(Assignment): Only the lines in the entries below from the line with "Exterior view of a Dunkin location" to the line with "Affiche - Annecy - Église Saint-Maurice", both included, belong in the answer, transcribed exactly and without pictures.

:: Extracted information

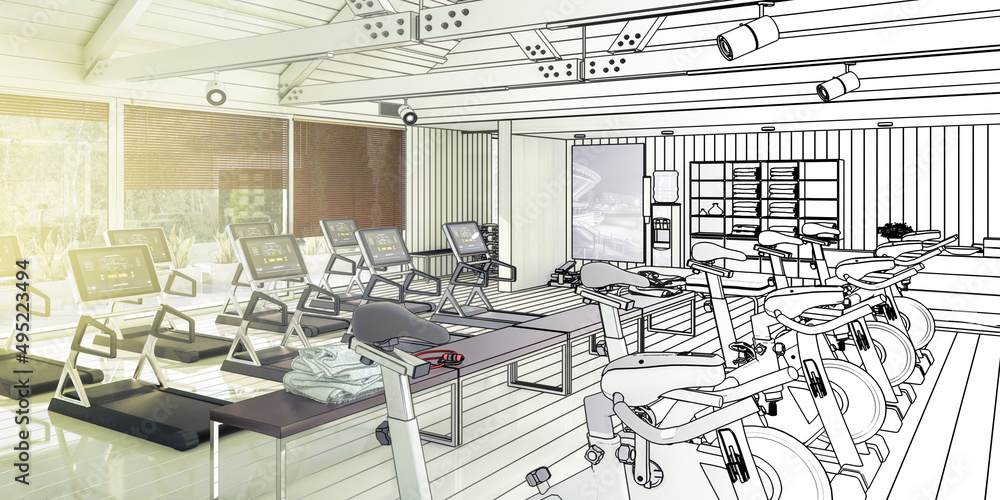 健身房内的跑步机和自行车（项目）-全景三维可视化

::::
:: Extracted information

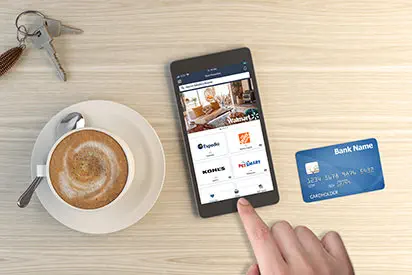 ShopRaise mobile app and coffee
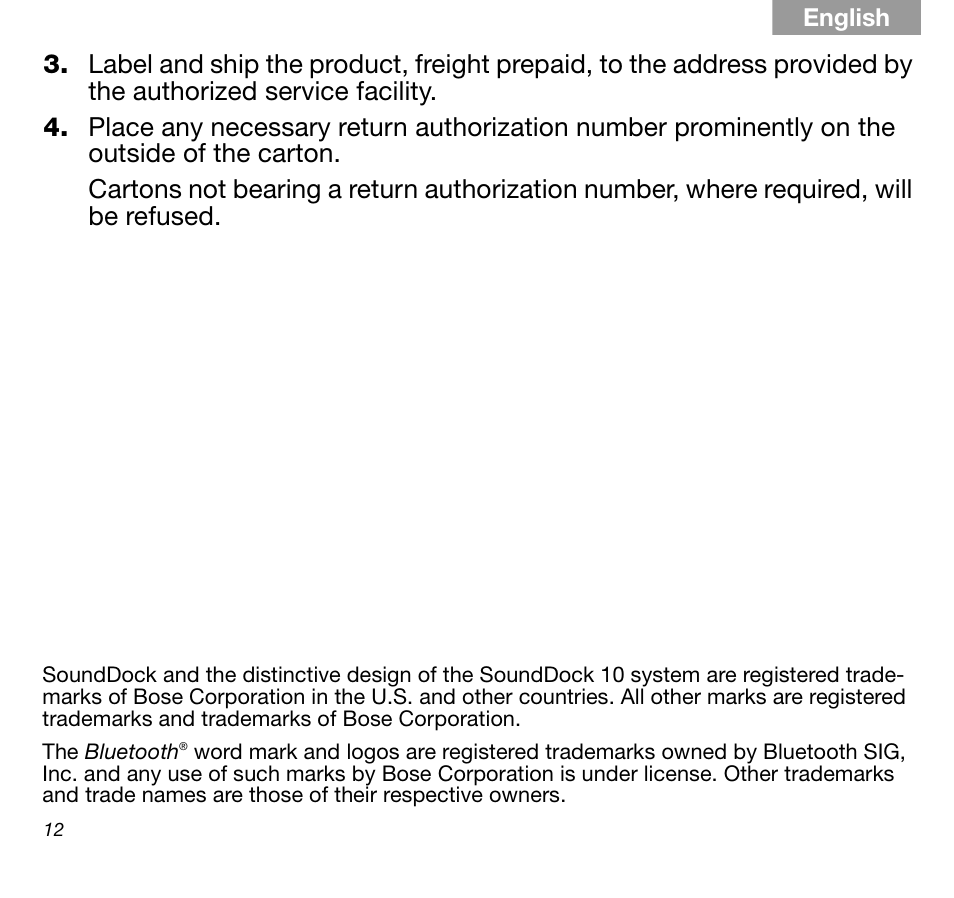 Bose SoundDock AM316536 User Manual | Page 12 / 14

::::
:: Extracted information

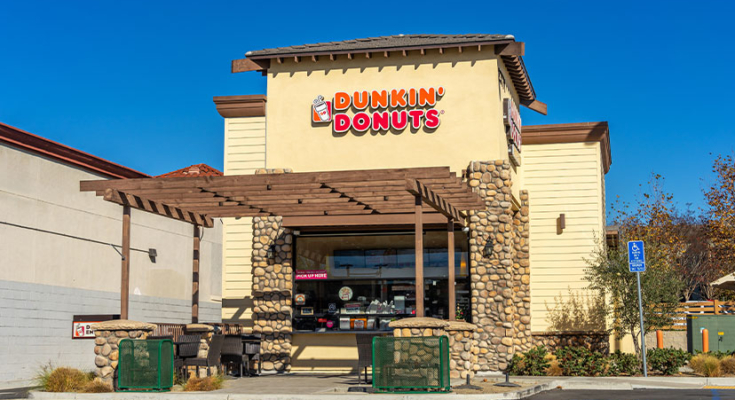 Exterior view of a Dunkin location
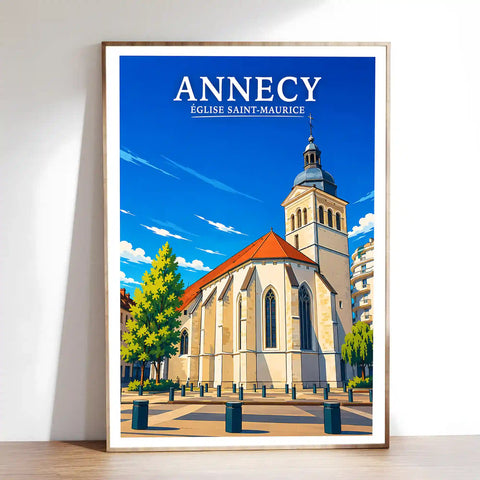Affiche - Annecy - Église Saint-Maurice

::::

(Result of this task):
 Exterior view of a Dunkin location
Affiche - Annecy - Église Saint-Maurice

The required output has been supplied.